Crumpled in front of me in the snow lay my 7-year-old sister, a pile of pink & purple snowsuit. My father leaned over her, trying to soothe her anguish and suffering. She refused to budge. It was the third time she had fallen into cold, wet snow, and she was making sure it would be the last. My mother’s voice, from somewhere ahead, urged me to join her and leave my father and sister.

So goes my earliest memory of cross-country skiing. Being a particularly empathetic person even as a child, the vivid frustration of that moment—though not my own—has stayed with me, so that now each time I push gracefully across the snow, as I do often in these winter months, I come into the glide with a sense of achievement and wonder.

Skiing doesn’t take me far from home these days. The snow, thick and deep in the valley, has turned the city into prime cross-country real estate. It’s a simple secret: Snow in the valley equals great tracks at the golf course.

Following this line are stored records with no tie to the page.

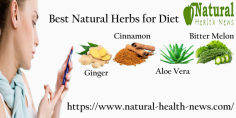 Cinnamon, Ginger, Aloe Vera, Milk Thistle, Bitter Melon, Parsley, Basil, thyme, rosemary, and dill are all Herbs Good for Diabetes and many other diseases.
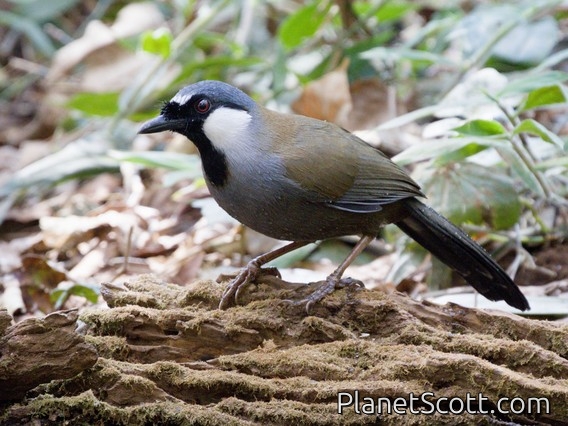 Black-throated Laughingthrush (Pterorhinus chinensis)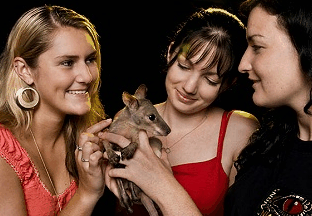 Cairns Night Zoo - Accommodation Noosa 1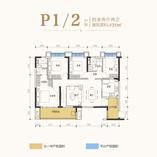 P1/2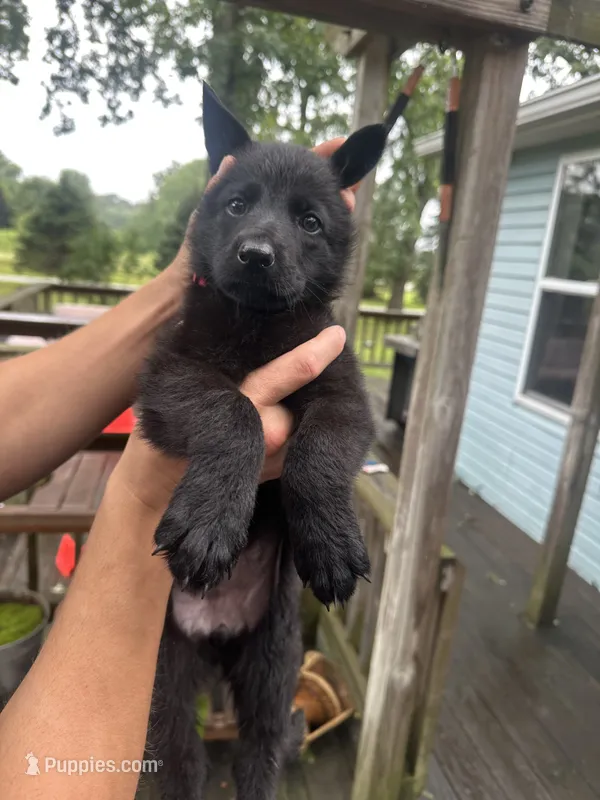 Red  – German Shepherd Dog puppy for sale in Rensselaer, IN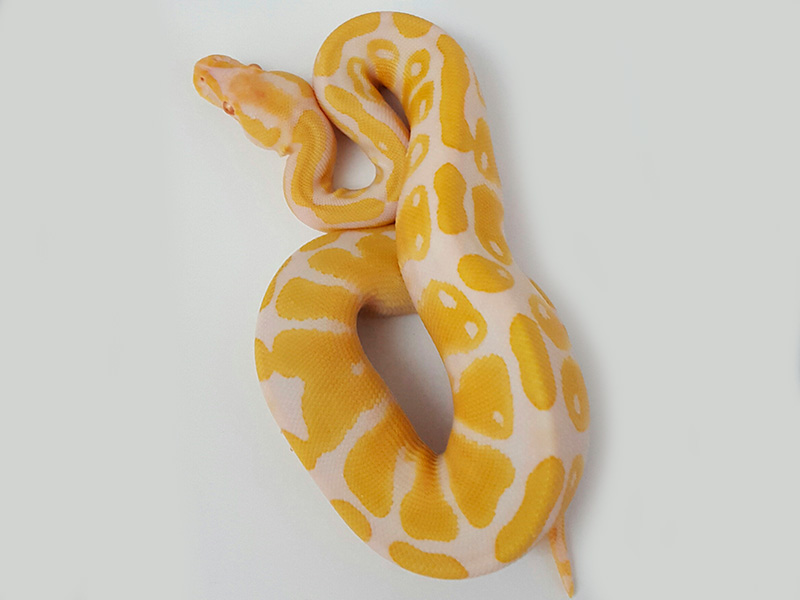 Albino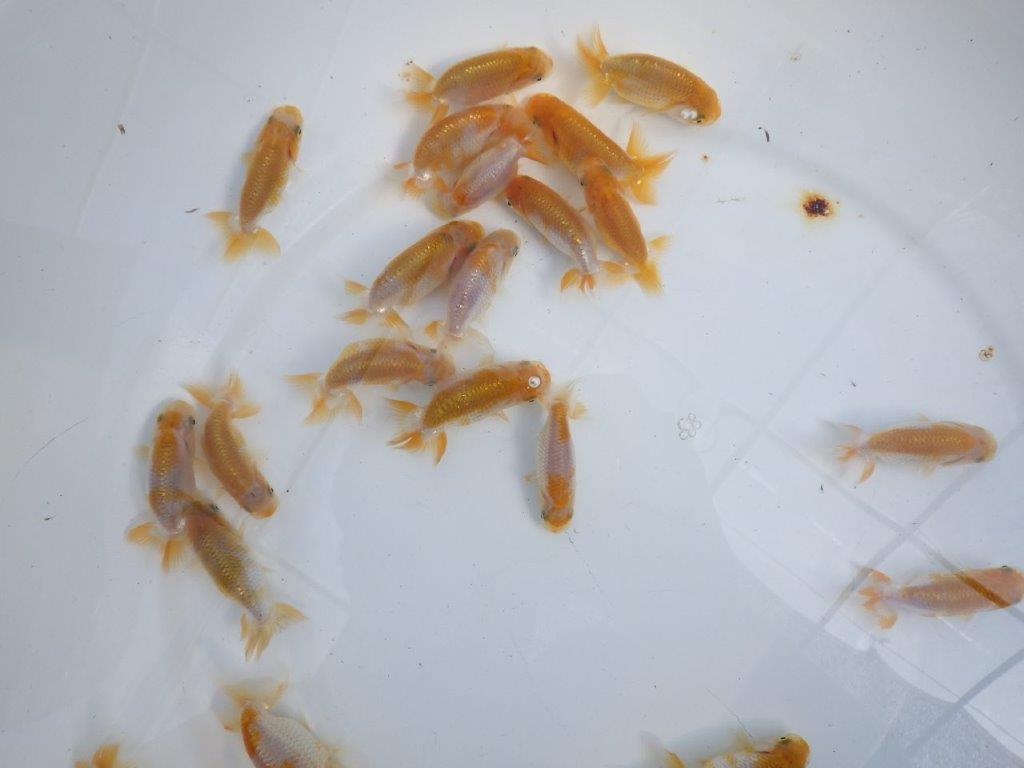 【岡山村上暢彦氏】2026年１月産まれ更紗らんちゅう５尾セットB約4,5~6,5㎝ 限定2セット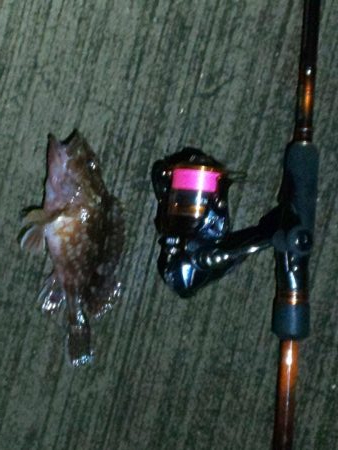 スノームーンは寒かった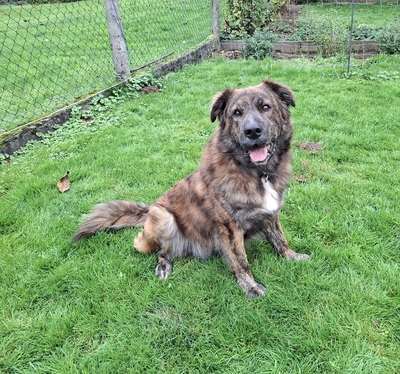 TEDDY S 283, Mischling - Rüde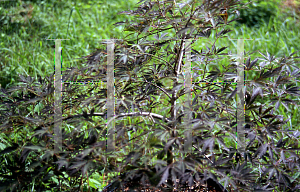 Picture of Acer palmatum (Dissectum Group) 'Sherwood Elfin'
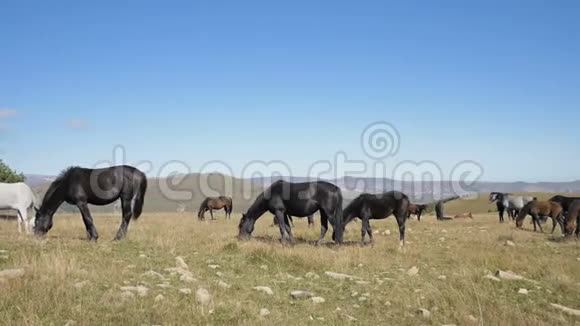 一群马在高山牧场放牧阳光明媚的日子里成年马驹的羊群视频的预览图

Generally, Salt Lake City is not a great place for classic cross-country skiing. Places with official tracks like Millcreek and Brighton Ski Resort are just too steep. Cross-country skiing is meant for long, flat spaces with gradual ups and downs or, at the very minimum, enough space to switchback up a steep section. The best terrain, therefore, is in the valley. The Jordan River Parkway would make an awesome winter ski track if the city groomed it instead of plowing it. Golf-course skiing is the best option available. Though it’s not officially sanctioned by golf-course proprietors, there is no city ordinance that forbids it.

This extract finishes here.